I was perusing the XML file this morning after a bit of Googling and running some failed tests yesterday afternoon (I was able to get the same error you got on both CF 8.0.1 and Railo 3.1). I think I might see the problem.

I stripped out all of the Base64 code from the <content> elements in the document (I first downloaded the XML file via CFHTTP and saved the contents to a local file) and it worked. I was able to read and parse the XML and then output the XML to the browser. No errors or glitches.

I spent a little time trying to determine if it was a particular Base64 section but it seemed like I needed to remove all of them. Admittedly, I kind of got lost in the XML when trying to remove the Base64 sections and add them back in to test various combinations and such!

The only thing that bugs me about this is that I wonder if you can really replace the offending character(s). If these "problematic" characters are in a section that's Base64, can you change them (i.e., find/replace) and still get the right content when the Base64 data is converted to it's "real" format.

Might be worth spending some more time with the static XML version to see if there really is just one (or two) sections of Base64 content that's causing the issue (and not all of the Base 64 sections).

May 3, 2009

Hmmm. Thanks for the thoughtful insight/exploration.

So if I removed the base64 sections, everything should work properly? Seems all of the base64 sections begin with "Content-Transfer-Encoding: base64" and end with the "</content>" closing tag. I'll try removing them and see if I can't get the feed working again - and report back.

Many thanks!

May 3, 2009

I seem to have gotten it, though admittedly all of the attachments are being removed... which is less than desirable.

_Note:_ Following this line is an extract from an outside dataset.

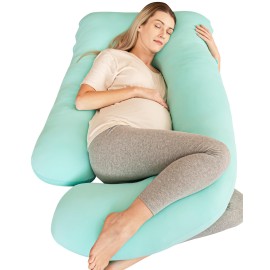 Cute Castle Cooling Cover Pregnancy Pillows, Soft U-Shape Maternity Pillow with Removable Cover - Full Body Pillows for Adults Sleeping - Pregnancy Must Haves - Jumbo 57 Inch - Turquoise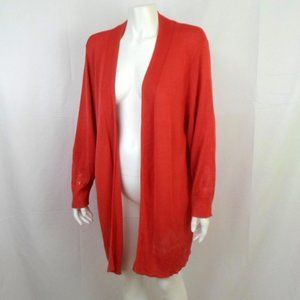 LOFT Outlet XL Brick Red Pointelle Open Front Midi Cardigan Sweater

Here is the code I'm using.

<cfhttp url="http://www.ntia.doc.gov/broadbandgrants/btopcomments.xml" resolveurl="no" path="/mypath/" />

<cffile action="read" file="/mypath/btopcomments.xml" variable="XMLText" charset="utf-8">

<cfloop from="1" to="2000" index="i">
    <cfset start64 = find("Content-Type: application/", XMLText, 1)>
    <cfif start64 IS 0>
        <cfbreak>
    <cfelse>
        <cfset end64 = find("</content>", XMLText, start64)>
        <cfset length64 = end64-start64>
    </cfif>
   
    <cfoutput>
    #start64# - #end64# -- #length64#<br />
    </cfoutput>
   
   <cfset XMLText = RemoveChars(XMLText, start64, length64)>

</cfloop>

<cffile action="write" file="/mypath/btopcomments-clean.xml" output="#XMLText#" charset="utf-8">

Inspiring
May 1, 2009

Was that a dummy URL you posted?  Because when I pull up the document you linked to, I get the following HTML:

<!DOCTYPE HTML PUBLIC "-//W3C//DTD HTML 4.0 Transitional//EN">
<HTML><HEAD>
<META http-equiv=Content-Type content="text/html; charset=windows-1252"></HEAD>
<BODY></BODY></HTML>

May 1, 2009

Thats the real feed - though it seems to have stopped responding. Hmmmm. Thankfully I've got a copy of it locally - I'll attach a copy of it to this post.

May 1, 2009

A link to the feed can be found in the top right corner of this page -

http://www.ntia.doc.gov/broadbandgrants/comments.cfm